## AVAILABLE DATA
^^^^^^^^
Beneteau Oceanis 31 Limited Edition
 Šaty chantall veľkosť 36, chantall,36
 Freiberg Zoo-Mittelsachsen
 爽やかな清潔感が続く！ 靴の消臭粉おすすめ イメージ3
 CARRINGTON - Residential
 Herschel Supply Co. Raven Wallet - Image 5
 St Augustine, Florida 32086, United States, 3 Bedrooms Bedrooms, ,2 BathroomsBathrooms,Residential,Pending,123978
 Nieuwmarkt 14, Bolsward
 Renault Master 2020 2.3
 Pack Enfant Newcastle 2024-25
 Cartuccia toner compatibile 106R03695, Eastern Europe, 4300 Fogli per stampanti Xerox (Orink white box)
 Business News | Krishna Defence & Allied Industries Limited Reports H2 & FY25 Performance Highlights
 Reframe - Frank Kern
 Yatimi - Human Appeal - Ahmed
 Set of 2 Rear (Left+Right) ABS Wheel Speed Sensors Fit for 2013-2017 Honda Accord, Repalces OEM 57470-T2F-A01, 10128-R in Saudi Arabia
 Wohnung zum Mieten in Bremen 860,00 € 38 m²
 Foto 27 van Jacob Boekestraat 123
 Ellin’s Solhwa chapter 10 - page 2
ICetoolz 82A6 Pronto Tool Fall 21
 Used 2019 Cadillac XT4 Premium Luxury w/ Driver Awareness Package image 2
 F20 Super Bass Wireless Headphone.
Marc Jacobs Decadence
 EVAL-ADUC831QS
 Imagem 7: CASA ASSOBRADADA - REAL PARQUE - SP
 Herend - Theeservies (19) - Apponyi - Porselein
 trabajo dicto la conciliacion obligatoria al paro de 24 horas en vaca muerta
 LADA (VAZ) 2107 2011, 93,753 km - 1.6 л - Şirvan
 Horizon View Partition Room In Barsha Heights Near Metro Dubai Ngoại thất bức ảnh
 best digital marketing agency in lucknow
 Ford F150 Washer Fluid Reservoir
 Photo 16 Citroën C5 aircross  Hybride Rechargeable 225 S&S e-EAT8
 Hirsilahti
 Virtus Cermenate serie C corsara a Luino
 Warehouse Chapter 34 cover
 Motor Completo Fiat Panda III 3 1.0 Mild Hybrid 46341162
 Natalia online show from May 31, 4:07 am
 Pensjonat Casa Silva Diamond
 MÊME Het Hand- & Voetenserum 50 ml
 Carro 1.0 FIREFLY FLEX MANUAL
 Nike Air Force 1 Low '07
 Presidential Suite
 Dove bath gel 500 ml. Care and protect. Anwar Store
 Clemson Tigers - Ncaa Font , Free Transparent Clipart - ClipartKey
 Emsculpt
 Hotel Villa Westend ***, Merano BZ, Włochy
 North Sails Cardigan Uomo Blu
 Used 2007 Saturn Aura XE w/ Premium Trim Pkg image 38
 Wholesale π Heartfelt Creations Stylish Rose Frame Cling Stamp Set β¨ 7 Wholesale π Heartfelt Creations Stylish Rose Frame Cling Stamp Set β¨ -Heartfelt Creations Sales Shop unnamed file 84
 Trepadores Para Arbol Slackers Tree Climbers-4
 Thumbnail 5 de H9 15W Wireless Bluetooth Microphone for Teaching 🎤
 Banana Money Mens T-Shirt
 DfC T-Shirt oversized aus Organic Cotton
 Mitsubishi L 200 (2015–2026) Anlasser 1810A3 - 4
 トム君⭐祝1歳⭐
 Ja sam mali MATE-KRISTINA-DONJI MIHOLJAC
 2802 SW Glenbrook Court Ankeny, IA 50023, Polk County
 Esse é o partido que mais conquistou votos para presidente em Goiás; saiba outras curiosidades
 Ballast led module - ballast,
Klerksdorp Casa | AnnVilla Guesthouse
^^^^^^^^
## WORK ORDER
Filter the entries and copy each line with "Used".

## WORKED SOLUTION
 Used 2019 Cadillac XT4 Premium Luxury w/ Driver Awareness Package image 2
 Used 2007 Saturn Aura XE w/ Premium Trim Pkg image 38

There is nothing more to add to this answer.